Lo dice così, con calma innaturale – Harry spalanca gli occhi, a disagio, mentre sua moglie sospira lacrime amare (amarissime) su quell’informazione.
«Manderò un biglietto a Malfoy» sospira, il Prescelto. «Se dovesse avere bisogno di aiuto, la nostra porta è aperta: d’altronde, è pur sempre un tuo collega, no?».
Ginny sospira – la gentilezza di suo marito è francamente snervante – e scuote il capo rosso, mentre snocciola qualche altra informazione.
«George mi ha detto che la moglie di Malfoy era innamorata di Fred» sussurra. «E che anche lui lo era e io… non so come comportarmi, Harry».
«Quanti anni avrà avuto, Astoria Malfoy, quando Fred era a Hogwarts?

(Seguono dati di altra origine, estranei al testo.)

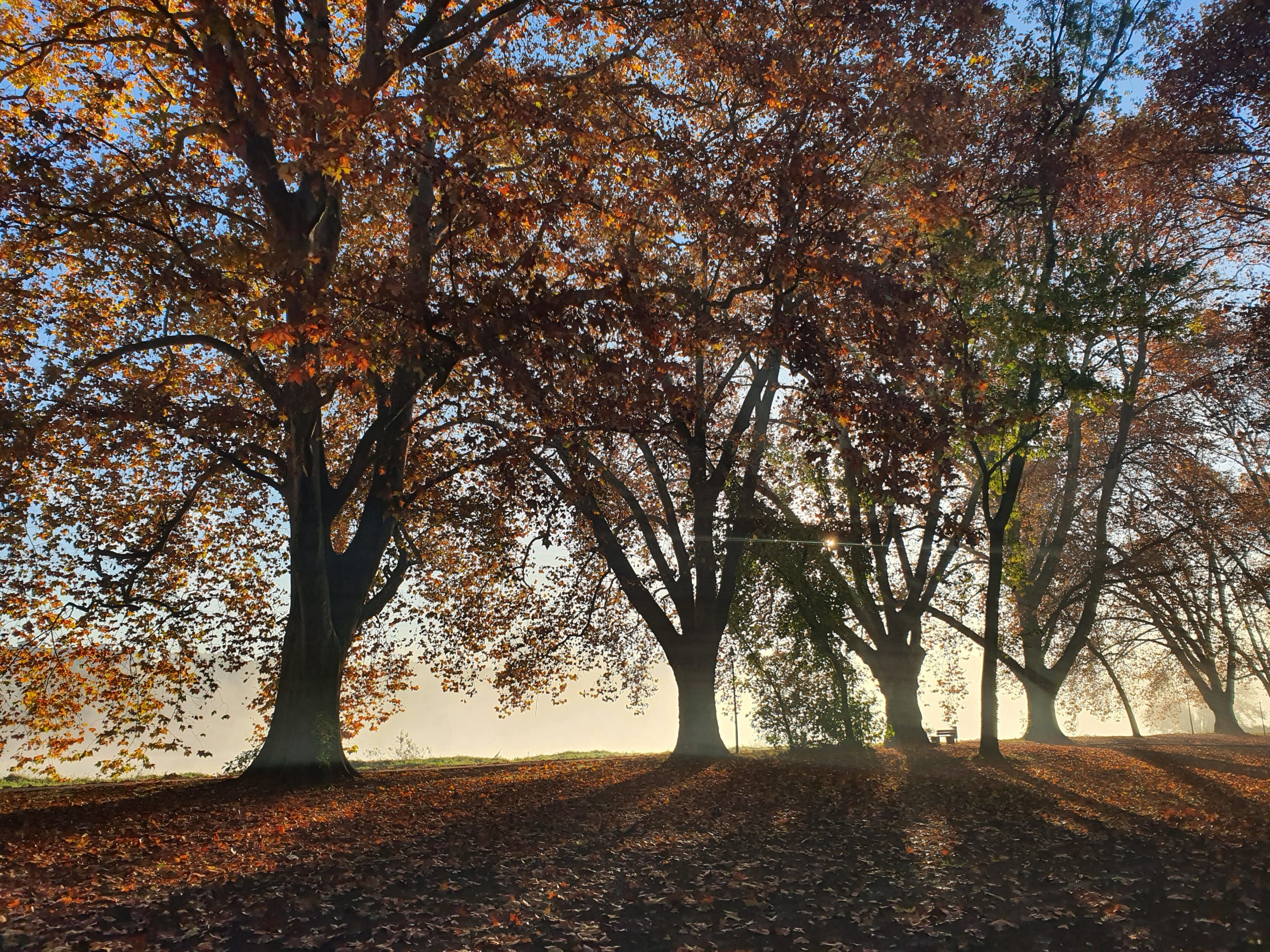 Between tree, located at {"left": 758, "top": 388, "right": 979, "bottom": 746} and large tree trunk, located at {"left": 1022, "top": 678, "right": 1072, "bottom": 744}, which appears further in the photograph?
large tree trunk, located at {"left": 1022, "top": 678, "right": 1072, "bottom": 744}

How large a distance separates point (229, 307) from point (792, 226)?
23.4 ft

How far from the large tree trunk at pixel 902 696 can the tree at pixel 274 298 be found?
10.9 metres

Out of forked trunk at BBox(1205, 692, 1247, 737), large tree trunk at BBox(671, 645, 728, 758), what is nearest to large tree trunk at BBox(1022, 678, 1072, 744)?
forked trunk at BBox(1205, 692, 1247, 737)

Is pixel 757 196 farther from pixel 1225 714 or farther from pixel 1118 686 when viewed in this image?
pixel 1225 714

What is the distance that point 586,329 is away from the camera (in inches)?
374

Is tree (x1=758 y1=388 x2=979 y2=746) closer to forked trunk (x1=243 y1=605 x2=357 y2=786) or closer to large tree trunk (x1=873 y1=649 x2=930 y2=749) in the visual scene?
large tree trunk (x1=873 y1=649 x2=930 y2=749)

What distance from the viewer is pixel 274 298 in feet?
27.3

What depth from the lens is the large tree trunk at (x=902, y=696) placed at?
21000 millimetres

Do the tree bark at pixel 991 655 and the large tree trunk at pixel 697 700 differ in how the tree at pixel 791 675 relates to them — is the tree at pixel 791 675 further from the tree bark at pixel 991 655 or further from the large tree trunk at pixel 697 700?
the tree bark at pixel 991 655

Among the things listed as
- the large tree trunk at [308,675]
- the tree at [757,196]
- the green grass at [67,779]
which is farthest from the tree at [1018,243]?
the green grass at [67,779]

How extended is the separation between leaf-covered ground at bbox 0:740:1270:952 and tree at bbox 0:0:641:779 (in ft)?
15.0

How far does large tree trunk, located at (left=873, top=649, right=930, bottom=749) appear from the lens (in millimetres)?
21000

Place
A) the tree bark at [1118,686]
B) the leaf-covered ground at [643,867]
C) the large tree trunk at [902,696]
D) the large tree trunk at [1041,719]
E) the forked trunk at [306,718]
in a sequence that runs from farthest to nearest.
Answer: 1. the tree bark at [1118,686]
2. the large tree trunk at [1041,719]
3. the large tree trunk at [902,696]
4. the forked trunk at [306,718]
5. the leaf-covered ground at [643,867]

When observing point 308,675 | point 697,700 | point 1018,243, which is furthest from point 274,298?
point 1018,243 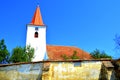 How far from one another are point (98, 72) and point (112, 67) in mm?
908

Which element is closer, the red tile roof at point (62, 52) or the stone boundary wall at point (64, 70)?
the stone boundary wall at point (64, 70)

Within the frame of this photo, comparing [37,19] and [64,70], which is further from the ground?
[37,19]

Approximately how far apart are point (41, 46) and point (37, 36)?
7.98 ft

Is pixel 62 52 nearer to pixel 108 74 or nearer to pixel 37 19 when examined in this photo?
pixel 37 19

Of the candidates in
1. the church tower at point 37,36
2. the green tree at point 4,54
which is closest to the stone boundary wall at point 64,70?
the green tree at point 4,54

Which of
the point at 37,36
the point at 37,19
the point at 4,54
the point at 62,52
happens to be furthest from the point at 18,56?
the point at 37,19

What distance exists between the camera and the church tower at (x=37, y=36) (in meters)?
50.9

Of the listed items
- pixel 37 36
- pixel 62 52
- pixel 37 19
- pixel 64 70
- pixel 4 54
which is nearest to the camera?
pixel 64 70

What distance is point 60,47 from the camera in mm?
54312

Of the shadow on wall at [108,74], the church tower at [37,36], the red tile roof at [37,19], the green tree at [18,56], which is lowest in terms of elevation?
the shadow on wall at [108,74]

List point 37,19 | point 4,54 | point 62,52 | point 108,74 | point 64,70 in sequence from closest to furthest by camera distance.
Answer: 1. point 108,74
2. point 64,70
3. point 4,54
4. point 62,52
5. point 37,19

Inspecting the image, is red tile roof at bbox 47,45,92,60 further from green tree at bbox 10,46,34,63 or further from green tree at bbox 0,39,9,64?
green tree at bbox 0,39,9,64

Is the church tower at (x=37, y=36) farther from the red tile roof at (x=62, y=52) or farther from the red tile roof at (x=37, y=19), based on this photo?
the red tile roof at (x=62, y=52)

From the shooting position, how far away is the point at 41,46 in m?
51.8
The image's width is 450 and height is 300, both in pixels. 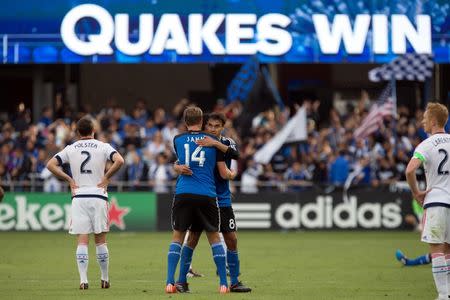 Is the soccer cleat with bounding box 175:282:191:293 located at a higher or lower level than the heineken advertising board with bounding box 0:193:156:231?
lower

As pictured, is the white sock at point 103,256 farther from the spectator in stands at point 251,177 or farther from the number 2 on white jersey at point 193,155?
the spectator in stands at point 251,177

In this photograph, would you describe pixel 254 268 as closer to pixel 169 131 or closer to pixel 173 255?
pixel 173 255

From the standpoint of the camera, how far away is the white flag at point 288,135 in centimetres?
3117

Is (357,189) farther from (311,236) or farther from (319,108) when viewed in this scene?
(319,108)

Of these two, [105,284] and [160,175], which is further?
[160,175]

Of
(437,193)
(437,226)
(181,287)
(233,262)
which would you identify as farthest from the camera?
(233,262)

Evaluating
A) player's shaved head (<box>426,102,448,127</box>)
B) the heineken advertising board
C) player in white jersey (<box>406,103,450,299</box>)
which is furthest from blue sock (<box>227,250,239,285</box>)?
the heineken advertising board

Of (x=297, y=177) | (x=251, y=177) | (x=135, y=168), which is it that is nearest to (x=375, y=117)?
(x=297, y=177)

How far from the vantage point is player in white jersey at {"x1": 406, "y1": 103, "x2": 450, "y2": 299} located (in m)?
12.3

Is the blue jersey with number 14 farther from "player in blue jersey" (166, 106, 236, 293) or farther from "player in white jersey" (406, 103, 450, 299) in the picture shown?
"player in white jersey" (406, 103, 450, 299)

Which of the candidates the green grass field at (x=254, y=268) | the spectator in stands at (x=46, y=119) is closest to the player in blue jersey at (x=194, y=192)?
the green grass field at (x=254, y=268)

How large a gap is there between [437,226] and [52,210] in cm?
1872

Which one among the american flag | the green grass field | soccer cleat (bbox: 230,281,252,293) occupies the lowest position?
the green grass field

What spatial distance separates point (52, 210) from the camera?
29734mm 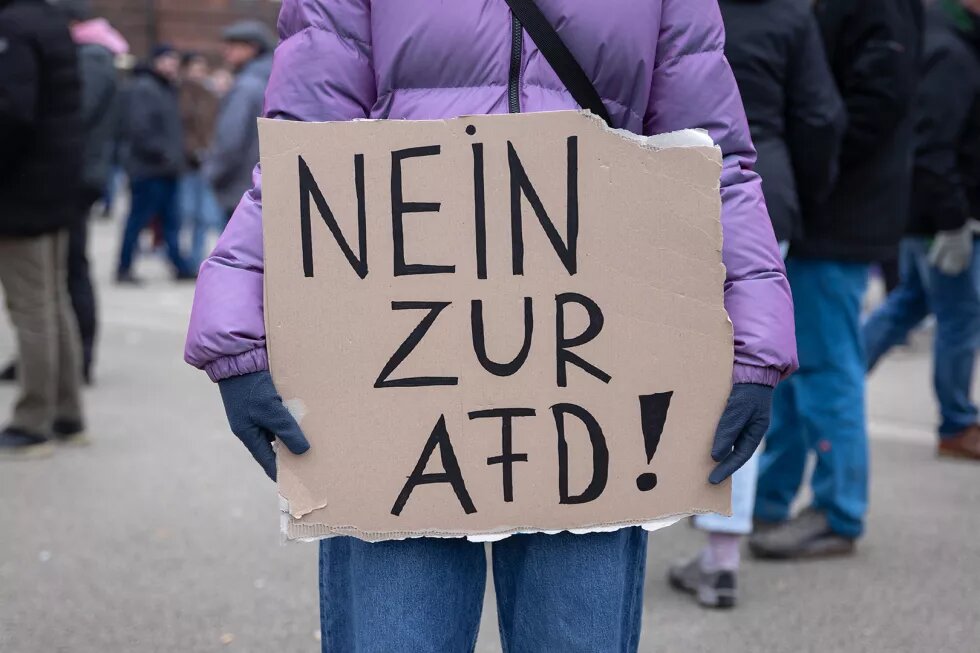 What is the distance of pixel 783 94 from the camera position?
4066 millimetres

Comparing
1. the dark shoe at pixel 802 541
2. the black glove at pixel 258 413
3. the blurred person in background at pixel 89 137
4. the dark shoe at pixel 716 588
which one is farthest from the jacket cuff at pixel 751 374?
the blurred person in background at pixel 89 137

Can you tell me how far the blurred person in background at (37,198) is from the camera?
5574 millimetres

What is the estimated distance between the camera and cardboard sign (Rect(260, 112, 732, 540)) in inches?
83.7

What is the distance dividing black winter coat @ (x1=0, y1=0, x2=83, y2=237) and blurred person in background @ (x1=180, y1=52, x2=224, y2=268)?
7689 millimetres

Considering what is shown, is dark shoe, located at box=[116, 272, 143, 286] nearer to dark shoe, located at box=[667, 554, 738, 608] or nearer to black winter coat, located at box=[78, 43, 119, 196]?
black winter coat, located at box=[78, 43, 119, 196]

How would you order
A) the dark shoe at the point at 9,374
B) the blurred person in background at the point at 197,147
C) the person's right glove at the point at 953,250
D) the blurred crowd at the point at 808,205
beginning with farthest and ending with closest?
the blurred person in background at the point at 197,147
the dark shoe at the point at 9,374
the person's right glove at the point at 953,250
the blurred crowd at the point at 808,205

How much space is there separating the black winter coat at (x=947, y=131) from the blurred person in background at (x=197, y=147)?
8890 mm

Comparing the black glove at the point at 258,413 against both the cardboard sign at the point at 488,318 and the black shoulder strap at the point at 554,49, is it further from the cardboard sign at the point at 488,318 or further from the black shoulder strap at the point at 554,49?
the black shoulder strap at the point at 554,49

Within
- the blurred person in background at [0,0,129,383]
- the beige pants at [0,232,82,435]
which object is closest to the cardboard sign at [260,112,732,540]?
the beige pants at [0,232,82,435]

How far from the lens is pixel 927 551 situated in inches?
186

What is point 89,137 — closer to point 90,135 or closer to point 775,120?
point 90,135

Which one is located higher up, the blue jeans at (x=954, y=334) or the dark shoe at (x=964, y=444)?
the blue jeans at (x=954, y=334)

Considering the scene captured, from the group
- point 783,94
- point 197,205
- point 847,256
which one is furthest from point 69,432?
point 197,205

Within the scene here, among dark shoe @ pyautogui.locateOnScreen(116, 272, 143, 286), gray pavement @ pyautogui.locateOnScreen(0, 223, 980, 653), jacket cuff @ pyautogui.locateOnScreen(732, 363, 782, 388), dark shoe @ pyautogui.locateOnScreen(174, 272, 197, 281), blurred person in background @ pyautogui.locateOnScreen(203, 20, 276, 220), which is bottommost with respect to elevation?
dark shoe @ pyautogui.locateOnScreen(174, 272, 197, 281) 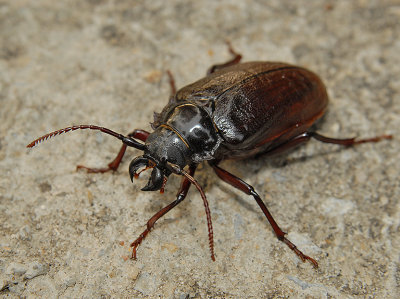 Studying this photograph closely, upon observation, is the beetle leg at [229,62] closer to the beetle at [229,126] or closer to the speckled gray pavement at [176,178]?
the speckled gray pavement at [176,178]

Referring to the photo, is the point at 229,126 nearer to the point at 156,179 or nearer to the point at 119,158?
the point at 156,179

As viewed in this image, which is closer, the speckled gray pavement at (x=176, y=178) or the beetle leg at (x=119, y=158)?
the speckled gray pavement at (x=176, y=178)

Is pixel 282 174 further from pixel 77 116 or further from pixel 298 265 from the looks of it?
pixel 77 116

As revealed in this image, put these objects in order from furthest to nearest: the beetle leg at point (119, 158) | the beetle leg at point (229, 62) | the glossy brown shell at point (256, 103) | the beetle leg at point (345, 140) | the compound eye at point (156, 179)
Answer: the beetle leg at point (229, 62), the beetle leg at point (345, 140), the beetle leg at point (119, 158), the glossy brown shell at point (256, 103), the compound eye at point (156, 179)

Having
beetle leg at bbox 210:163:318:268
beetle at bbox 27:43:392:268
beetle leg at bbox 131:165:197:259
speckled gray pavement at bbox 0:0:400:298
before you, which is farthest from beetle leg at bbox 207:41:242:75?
beetle leg at bbox 131:165:197:259

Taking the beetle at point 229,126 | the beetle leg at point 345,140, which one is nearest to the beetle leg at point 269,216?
the beetle at point 229,126

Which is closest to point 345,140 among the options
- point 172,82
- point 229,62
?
point 229,62

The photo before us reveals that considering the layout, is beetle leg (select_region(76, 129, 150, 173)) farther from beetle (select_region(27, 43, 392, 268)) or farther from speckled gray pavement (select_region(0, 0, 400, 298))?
speckled gray pavement (select_region(0, 0, 400, 298))

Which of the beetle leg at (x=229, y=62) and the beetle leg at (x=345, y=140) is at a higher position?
the beetle leg at (x=229, y=62) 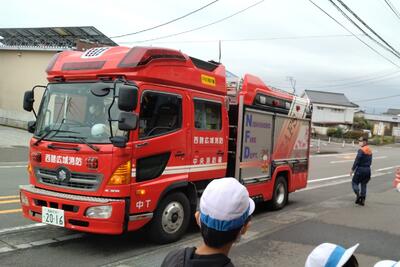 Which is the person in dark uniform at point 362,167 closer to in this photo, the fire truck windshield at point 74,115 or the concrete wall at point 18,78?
the fire truck windshield at point 74,115

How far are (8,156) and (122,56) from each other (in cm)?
1400

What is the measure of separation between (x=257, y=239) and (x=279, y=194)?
3.30 metres

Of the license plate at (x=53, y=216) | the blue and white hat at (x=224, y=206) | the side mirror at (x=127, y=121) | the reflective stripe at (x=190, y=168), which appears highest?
the side mirror at (x=127, y=121)

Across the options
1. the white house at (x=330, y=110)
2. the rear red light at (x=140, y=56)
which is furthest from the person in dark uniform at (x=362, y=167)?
the white house at (x=330, y=110)

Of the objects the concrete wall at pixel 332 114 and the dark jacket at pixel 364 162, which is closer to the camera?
the dark jacket at pixel 364 162

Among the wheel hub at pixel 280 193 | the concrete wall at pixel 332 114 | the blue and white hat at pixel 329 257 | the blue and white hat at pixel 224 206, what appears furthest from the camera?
the concrete wall at pixel 332 114

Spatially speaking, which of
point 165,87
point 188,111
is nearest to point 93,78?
point 165,87

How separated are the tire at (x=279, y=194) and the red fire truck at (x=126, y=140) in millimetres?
2596

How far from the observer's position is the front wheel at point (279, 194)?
10686 mm

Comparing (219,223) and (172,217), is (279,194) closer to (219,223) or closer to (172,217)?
(172,217)

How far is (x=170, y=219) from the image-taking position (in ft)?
23.6

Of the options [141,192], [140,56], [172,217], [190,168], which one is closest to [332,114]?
[190,168]

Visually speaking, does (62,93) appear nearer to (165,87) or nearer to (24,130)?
(165,87)

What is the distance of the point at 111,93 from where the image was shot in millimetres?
6594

Tredici?» domanda Harry, pensieroso. «Si può davvero dire di amare qualcuno, a tredici anni?».
Ginny vorrebbe replicare che no, non si può amare qualcuno a tredici anni – e vorrebbe dirlo alla sé stessa di parecchi anni fa, che non avrebbe dovuto fossilizzarsi in quello che credeva essere amore: si è sciolto come nebbia al sole, eppure.
Eppure – quando ha guardato George negli occhi, l’ha visto: suo fratello ci crede per davvero, anche se lei non ci riesce più.
«E se muori a quattordici?».
Harry sospira, si gratta pensieroso la cicatrice, non trova risposta da darle se non che Astoria Greengrass non è morta a quattordici anni – ma Fred, ingiustamente, a venti sì.
È che, a volte, la vita è così ingiusta dal toglierti il respiro quando più ne hai bisogno: Fred è esploso in rimpianti (degli altri) e una risata (la sua), i Weasley non si sono mai ripresi da tale perdita.
Nemmeno Astoria Greengrass deve averlo fatto, ha suggerito Malfoy con ardore (e un pizzico di interesse).
Nemmeno Astoria Greengrass deve averlo fatto, ha risposto George Weasley dopo averla guardata negli occhi. E tu?
Ginny sospira, nasconde il volto nell’incavo della spalla di suo marito – ma, quando finalmente una lacrima le sfiora le labbra, sa ancora maledettamente di stelle di cannella e zucchero bruciato.